2. Divestment Results in Good or Better Returns: Critics of divestment like to state that it will negatively impact returns. However, recent research shows that portfolios that divest from fossil fuels and utilities and invest in clean energy perform better than those with fossil fuels and utilities. Additionally, Green America explains, “Over the long term, as the effects of climate change become more apparent, and as more and more governments adopt policies to limit carbon pollution, the carbon resources that fossil fuel companies currently count as assets will shift to liabilities.” They also cite studies by numerous analysts that show fossil fuel companies may be overvalued by as much as 40 to 60 percent, which creates a “carbon bubble” that could burst and cause financial turmoil like the 2007 “housing bubble.” So, divesting now could actually protect assets in the future.

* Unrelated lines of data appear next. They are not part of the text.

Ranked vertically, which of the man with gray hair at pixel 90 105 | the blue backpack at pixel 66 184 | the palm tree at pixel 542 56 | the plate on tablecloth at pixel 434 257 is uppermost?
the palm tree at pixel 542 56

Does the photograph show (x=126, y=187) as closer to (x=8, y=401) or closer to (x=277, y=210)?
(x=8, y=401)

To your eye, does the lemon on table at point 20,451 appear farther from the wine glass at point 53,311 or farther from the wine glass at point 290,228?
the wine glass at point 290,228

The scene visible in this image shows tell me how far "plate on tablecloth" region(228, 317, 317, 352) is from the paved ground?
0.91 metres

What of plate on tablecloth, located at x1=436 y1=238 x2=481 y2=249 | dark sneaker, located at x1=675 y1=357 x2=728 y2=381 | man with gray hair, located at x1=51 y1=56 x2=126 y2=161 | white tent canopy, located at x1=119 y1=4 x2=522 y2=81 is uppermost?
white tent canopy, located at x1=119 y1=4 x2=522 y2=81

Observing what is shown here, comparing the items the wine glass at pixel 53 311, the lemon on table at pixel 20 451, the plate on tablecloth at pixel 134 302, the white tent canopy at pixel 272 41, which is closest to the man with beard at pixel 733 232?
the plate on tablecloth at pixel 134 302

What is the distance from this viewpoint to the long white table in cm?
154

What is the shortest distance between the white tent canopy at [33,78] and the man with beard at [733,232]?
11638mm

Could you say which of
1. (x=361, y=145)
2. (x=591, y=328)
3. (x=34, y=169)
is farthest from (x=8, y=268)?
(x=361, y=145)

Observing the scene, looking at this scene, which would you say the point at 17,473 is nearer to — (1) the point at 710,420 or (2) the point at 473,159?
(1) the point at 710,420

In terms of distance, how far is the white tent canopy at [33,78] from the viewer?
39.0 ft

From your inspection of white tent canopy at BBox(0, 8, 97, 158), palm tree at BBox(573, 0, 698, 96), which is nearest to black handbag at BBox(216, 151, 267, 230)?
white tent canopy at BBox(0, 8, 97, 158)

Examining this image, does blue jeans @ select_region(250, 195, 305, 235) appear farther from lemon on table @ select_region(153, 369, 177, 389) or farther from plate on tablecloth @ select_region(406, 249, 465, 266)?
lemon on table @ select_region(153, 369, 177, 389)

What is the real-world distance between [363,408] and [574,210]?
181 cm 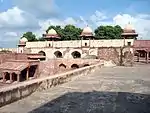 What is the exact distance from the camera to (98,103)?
233 inches

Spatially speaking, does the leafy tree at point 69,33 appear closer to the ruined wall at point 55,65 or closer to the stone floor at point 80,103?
the ruined wall at point 55,65

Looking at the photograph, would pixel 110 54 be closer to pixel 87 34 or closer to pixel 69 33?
pixel 87 34

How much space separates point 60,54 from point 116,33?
1909cm

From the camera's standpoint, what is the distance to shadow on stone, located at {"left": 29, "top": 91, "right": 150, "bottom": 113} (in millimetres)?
5227

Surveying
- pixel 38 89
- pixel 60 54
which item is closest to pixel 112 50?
pixel 60 54

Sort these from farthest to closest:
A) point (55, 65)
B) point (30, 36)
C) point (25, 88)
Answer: point (30, 36) < point (55, 65) < point (25, 88)

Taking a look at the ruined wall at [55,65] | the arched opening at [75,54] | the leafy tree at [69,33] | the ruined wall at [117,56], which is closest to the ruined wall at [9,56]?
the ruined wall at [55,65]

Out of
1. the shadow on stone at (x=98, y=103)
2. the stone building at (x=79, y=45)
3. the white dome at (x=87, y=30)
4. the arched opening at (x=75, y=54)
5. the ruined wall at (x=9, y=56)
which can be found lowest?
the shadow on stone at (x=98, y=103)

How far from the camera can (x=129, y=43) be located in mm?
34656

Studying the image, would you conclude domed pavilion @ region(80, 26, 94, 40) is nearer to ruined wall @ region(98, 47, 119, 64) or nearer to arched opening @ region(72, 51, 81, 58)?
arched opening @ region(72, 51, 81, 58)

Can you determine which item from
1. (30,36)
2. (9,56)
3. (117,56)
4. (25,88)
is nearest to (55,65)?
(9,56)

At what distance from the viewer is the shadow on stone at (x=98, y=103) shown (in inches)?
206

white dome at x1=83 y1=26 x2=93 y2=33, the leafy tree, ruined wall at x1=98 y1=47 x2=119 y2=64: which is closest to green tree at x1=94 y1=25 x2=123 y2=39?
the leafy tree

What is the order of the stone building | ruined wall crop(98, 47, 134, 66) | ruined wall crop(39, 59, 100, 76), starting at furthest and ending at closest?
the stone building, ruined wall crop(39, 59, 100, 76), ruined wall crop(98, 47, 134, 66) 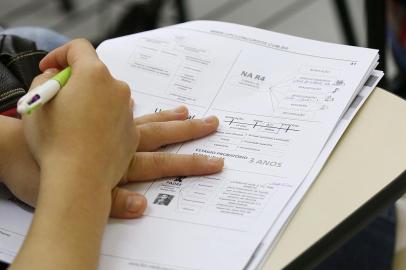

3. UC is Positioned to Be a Leader: With UCSF’s mission of promoting global health, it was well positioned to lead by example. If other campuses follow UCSF’s lead, it will send a clear message to the regents: This is an opportunity for UC to commit to divestment and prove that it is willing to act on the science demonstrating that climate change is a real and urgent problem. This will send a powerful message to other universities and institutions to not shy away from it. Today, nearly 1,000 institutional investors with $6.24 trillion in assets (15 percent are educational institutions) have committed to divest from fossil fuels, up from $52 billion four years ago—an increase of 11,900 percent. Most recently Middlebury College committed to divesting its $1.1 billion endowment from fossil fuels. Imagine the impact UC can have with an endowment of $10.4 billion.
Academic Senate Faculty: Get Out and Vote to Pass the Memorial
Over the next few weeks, all Senate faculty will have a chance to voice their opinion. Vote to pass the Memorial. The more votes we get, the better because what counts is the total number of votes from all UC campuses. The more UC faculty who vote, the more impactful the message will be to the Regents. Voting will begin June 1 and run for two weeks.
While adjunct faculty, HS Clinical Series, and students are not eligible to vote on the Memorial, you can voice your support via an online petition at Fossil Free UC.